:: RECORDS TO USE ::
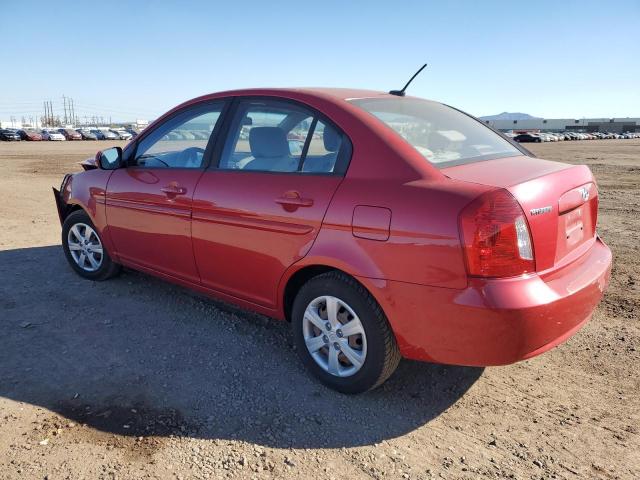 KMHCN4AC6BU614895 - 2011 HYUNDAI ACCENT GLS RED photo 2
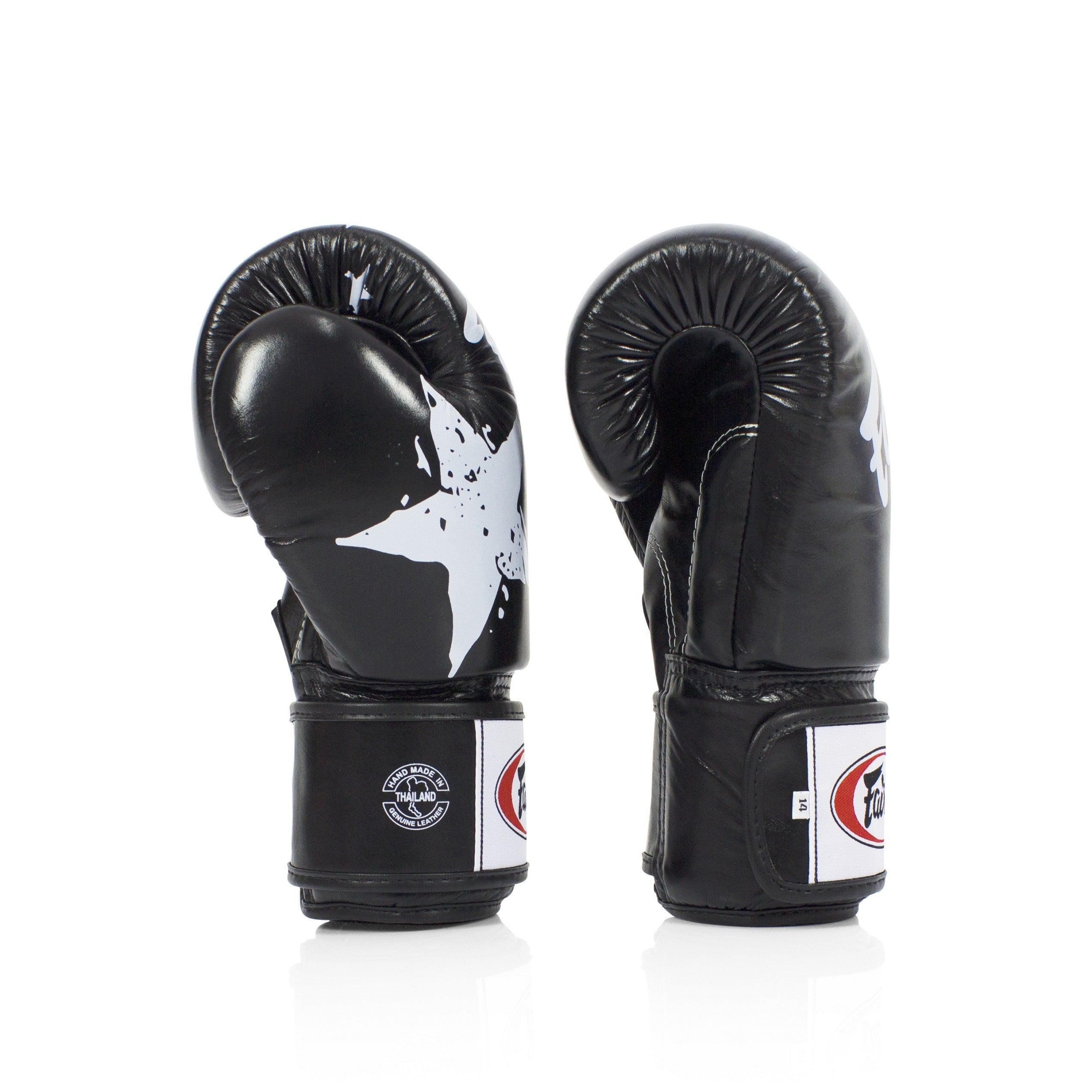Fairtex Rękawice Bokserskie ze skóry naturalnej BGV1 Nation Czarne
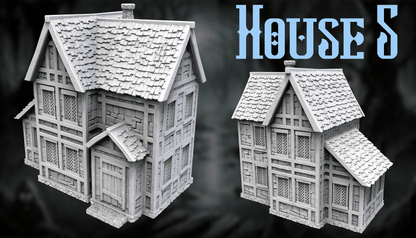 Medieval Village Buildings for DnD Terrain - GameCraft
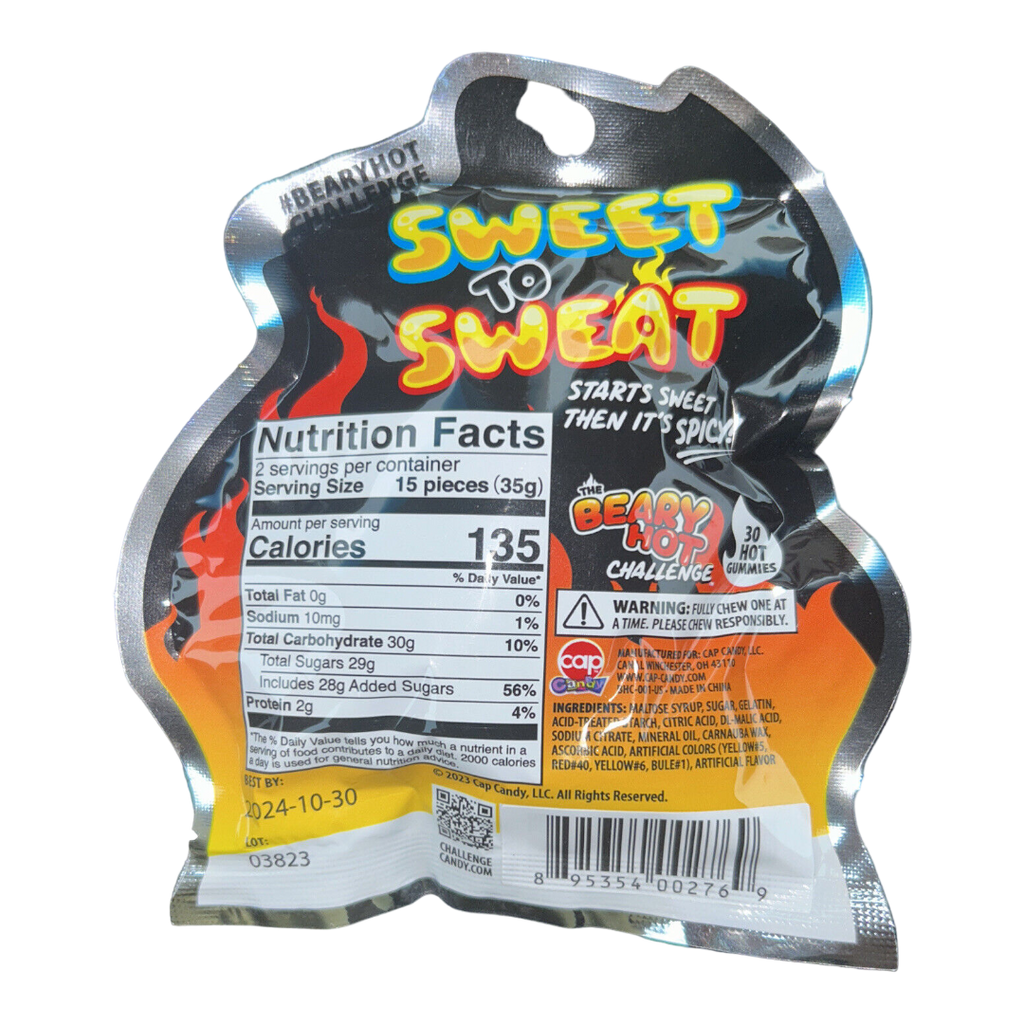 The Beary Hot Challenge (Extremely Hot & Spicy Gummy Bears) - 2.81oz (70g)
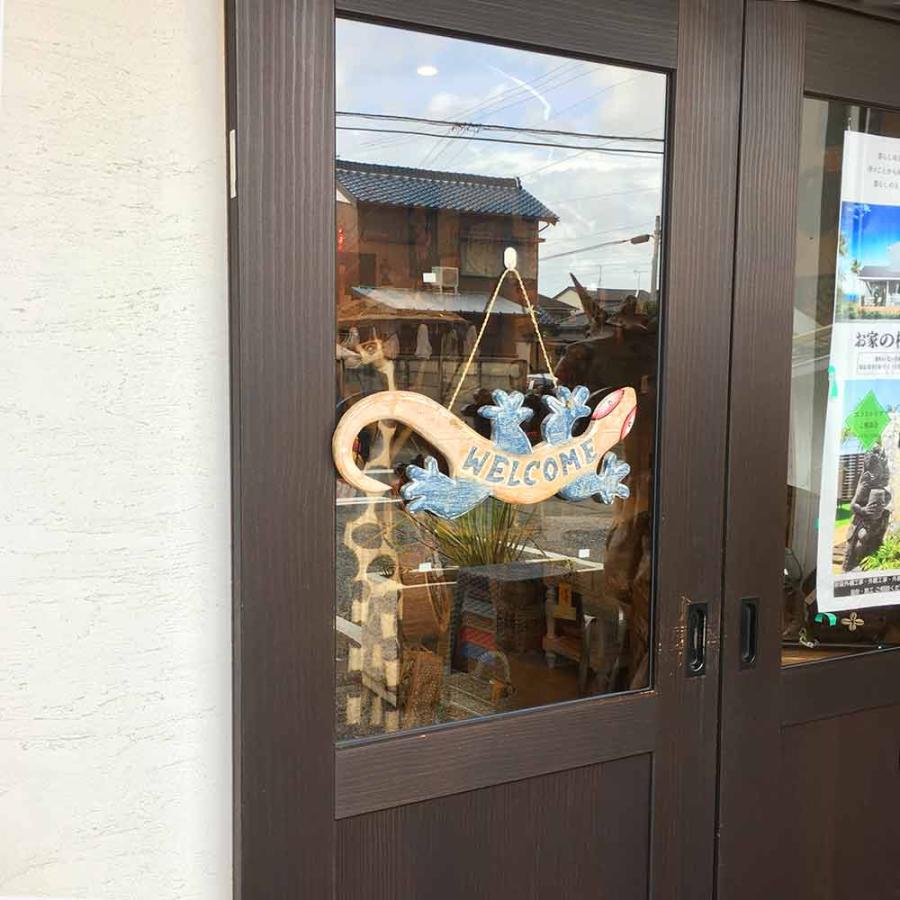 木製 ドアプレート WELCOME プレート ゲッコウ ドア掛け 2色 W50cm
:::
> [EXERCISE BRIEF]
From the line containing "The Beary Hot" down to the final line of the records above, restate every line word for word, add nothing, and skip the pictures.

> [SOLUTION FOR THIS PROBLEM]
 The Beary Hot Challenge (Extremely Hot & Spicy Gummy Bears) - 2.81oz (70g)
 木製 ドアプレート WELCOME プレート ゲッコウ ドア掛け 2色 W50cm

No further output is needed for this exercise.